13 Jul 2026
In many rural areas of China, a seemingly contradictory scene plays out: young adults leave for city jobs, yet the family farmland doesn't lie fallow — instead, they hire others to work it. If farming barely turns a profit, why pay extra for labor? The answer, it turns out, is not a miscalculation but a carefully calibrated household survival strategy.

Hao Huang, a PhD student at International Business School Suzhou (IBSS), Xi’an Jiaotong-Liverpool University, together with her supervisor Professor Steven Dellaportas and co-authors Zhang Fushun and Li Heyun, has had their research paper “Household Labor Portfolio Optimization: Agricultural Hiring Decisions Under Mixed Livelihood Strategies” accepted for publication in the International Review of Economics and Finance. The journal is ranked ABS 2, ABDC A, and CAS 2.
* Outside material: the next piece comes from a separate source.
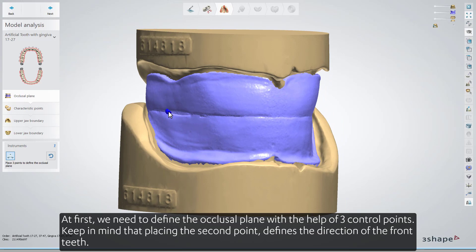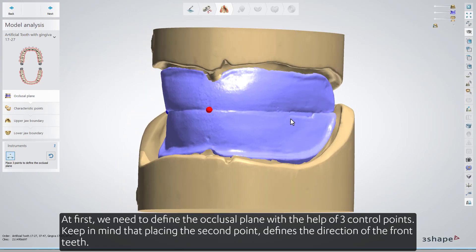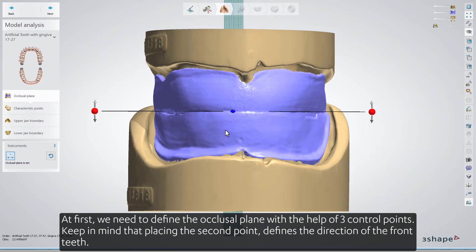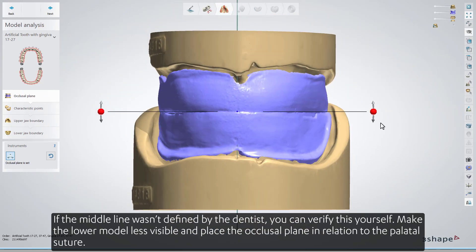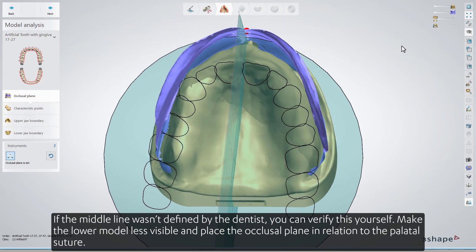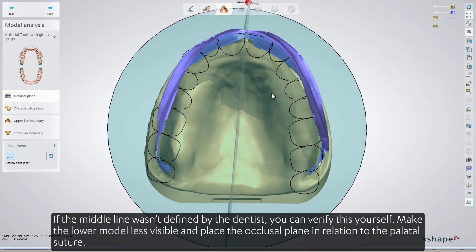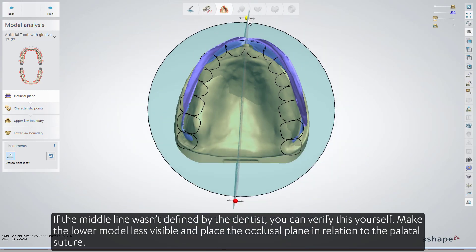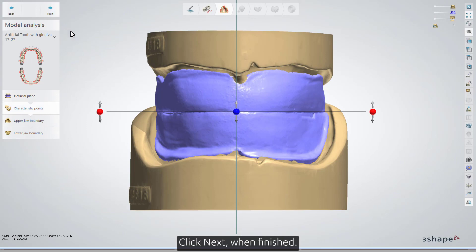At first, we need to define the occlusal plane with the help of three control points. Keep in mind that placing the second point defines the direction of the front teeth. If the middle line wasn't defined by the dentist, you can verify this yourself. Make the lower model less visible, and place the occlusal plane in relation to the palatal suture. Click Next when finished.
Using nationally representative micro-level data from the China Household Finance Survey (CHFS), the research team found a striking pattern: the more family members engaged in off-farm work, the more likely the household is to hire agricultural labor — and in greater numbers. Counterintuitive as it sounds, the logic holds up. Off-farm employment drains the family of farmhands, especially during peak seasons. At the same time, while wage income is higher, it is also less stable. The crops in the field, however, provide a "safety net" — a basic food supply and a fallback option. Agriculture acts as an invisible insurance policy for the household, one worth maintaining even when it doesn't pay off immediately.
The study further reveals that when household members participate in formal pension programmes, the link between off-farm employment and labor hiring weakens significantly. This suggests that when external social protection is more reliable, the household's "insurance demand" for land decreases.
More importantly, while hiring labor may reduce farm-level profitability, it frees up family members to take on higher-paying off-farm work — and overall household income improves. In other words, rural households are not choosing between farming and working in the city; they are using hired labor as a tool to capture both the high income from off-farm jobs and the security of farmland. It is, in effect, treating the family's labor as a flexible "asset portfolio."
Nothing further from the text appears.